## Exercise details
Please return the lines below verbatim, beginning at the one that has "Used 2022 Lamborghini Urus AWD/4WD image 19" and stopping after the one that has "Africanasaucy webcam", and add no other lines.

## Data for this task
====

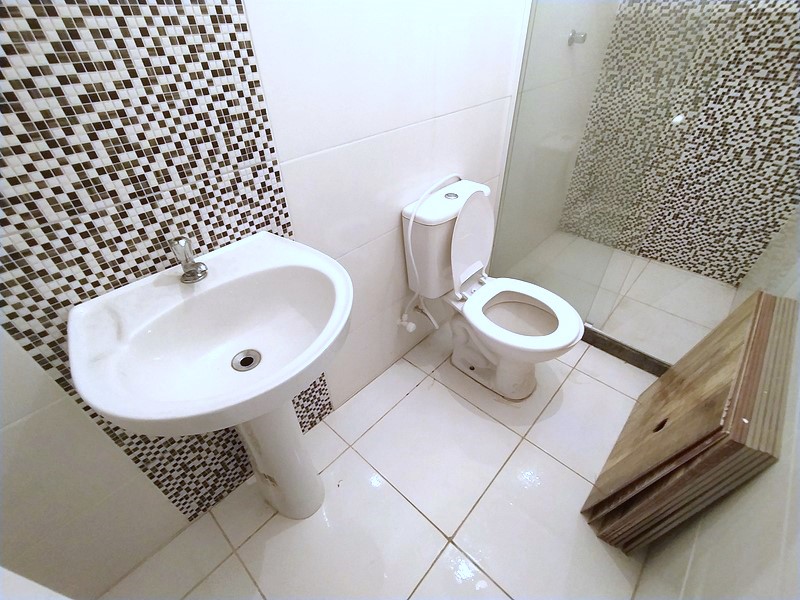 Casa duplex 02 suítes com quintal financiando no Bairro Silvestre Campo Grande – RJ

====

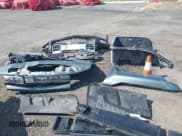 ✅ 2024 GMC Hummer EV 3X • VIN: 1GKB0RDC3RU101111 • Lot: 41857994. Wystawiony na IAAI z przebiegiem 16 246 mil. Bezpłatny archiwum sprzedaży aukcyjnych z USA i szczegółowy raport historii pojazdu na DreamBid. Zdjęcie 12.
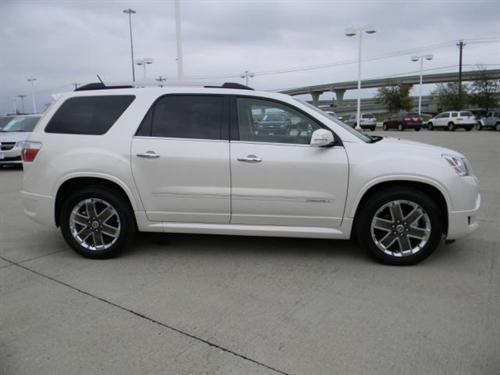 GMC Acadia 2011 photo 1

====

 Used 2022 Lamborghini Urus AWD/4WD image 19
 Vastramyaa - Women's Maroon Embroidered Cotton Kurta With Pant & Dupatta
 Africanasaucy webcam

====

## Exercise answer
 Used 2022 Lamborghini Urus AWD/4WD image 19
 Vastramyaa - Women's Maroon Embroidered Cotton Kurta With Pant & Dupatta
 Africanasaucy webcam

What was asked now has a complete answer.